В общей фестивальной суете забывается, что в этом году Театральная олимпиада проходит сразу в двух странах – в России и Японии. В связи с этим примечательны спектакли, которые давали на сцене Александринки в эти дни. Это работы выдающегося мастера сцены Тадаси Судзуки. Японский режиссер, один из отцов-основателей олимпиады, они первыми сформулировали кредо смотра искусства без соперничества и вражды. А еще одним был Юрий Любимов. 25 лет прошло с того момента. В этом году Судзуки вручали Международную театральную премию имени Юрия Любимова. Вот такая встреча двух имен Театральной олимпиады. В ее контексте Александринка гастролировала в Японии, к нам же приехал театр Судзуки. Его спектакль «Сирано де Бержерак» интересен хотя бы уже тем неослабевающим интересом, который в обеих странах вызывает образ носатого забияки и поэта. А также историей постановки японского циника, как называли у нас режиссера, 15 лет назад показавшего «Сирано» на чеховском фестивале.

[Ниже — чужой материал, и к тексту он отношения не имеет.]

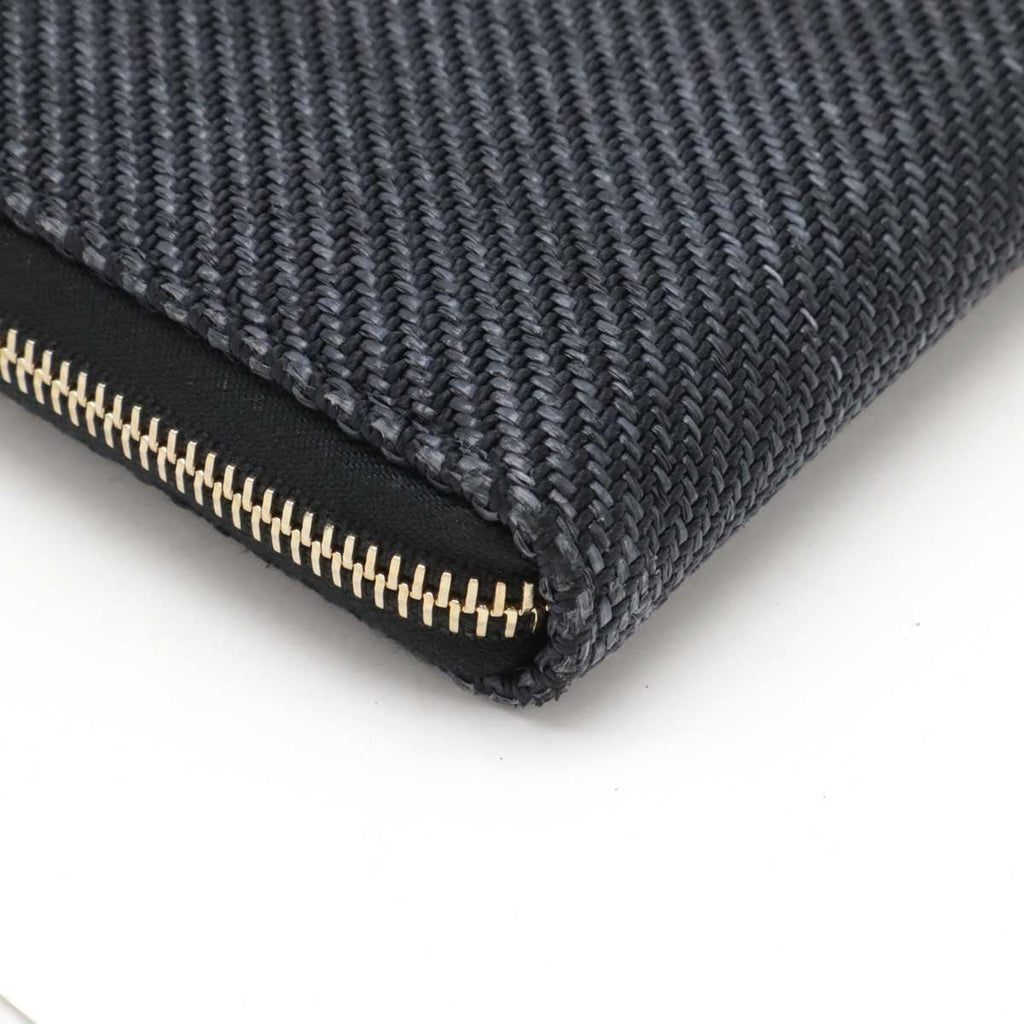 Chanel Deauville Line Straw Canvas Leather Long Wallet A80056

К такому голосу Роксане пошли бы фельдфебельские усы как у Фридриха Ницше. Такие же нелепо накладные – как и сакраментальный нос Сирано, который, похоже, крепится к лицу очками. А вместе с криво забинтованной головой и волосиной делает героя похожим на хоккеиста из мультфильма «Шайбу! Шайбу!». Если так, то и звучит как-то «по-японски». Героической по своей сути комедии Ростана в постановке Тадаси Судзуки пошел второй десяток лет. И все это время с удручающим однообразием в ней видят мост, соединяющий Восток и Запад. Вот потому-то французские мушкетеры превратились в японских самураев, а музыка итальянская, а главная героиня говорит по-русски. Возможно, в искушенном сознании искусствоведов стилистика театра. Авторская техника режиссера сливается в чудную амальгаму. Но обычные люди не ездят в Японию, чтобы месяцами там изучать экзотические практики. Им в глаза бросается то, что они уже знают, и особенно – что кажется непривычным. То есть то, что Шкловский называл «остранением». Благо сюжет о некрасивом поэте-дуэлянте пересказывать в деталях не надо.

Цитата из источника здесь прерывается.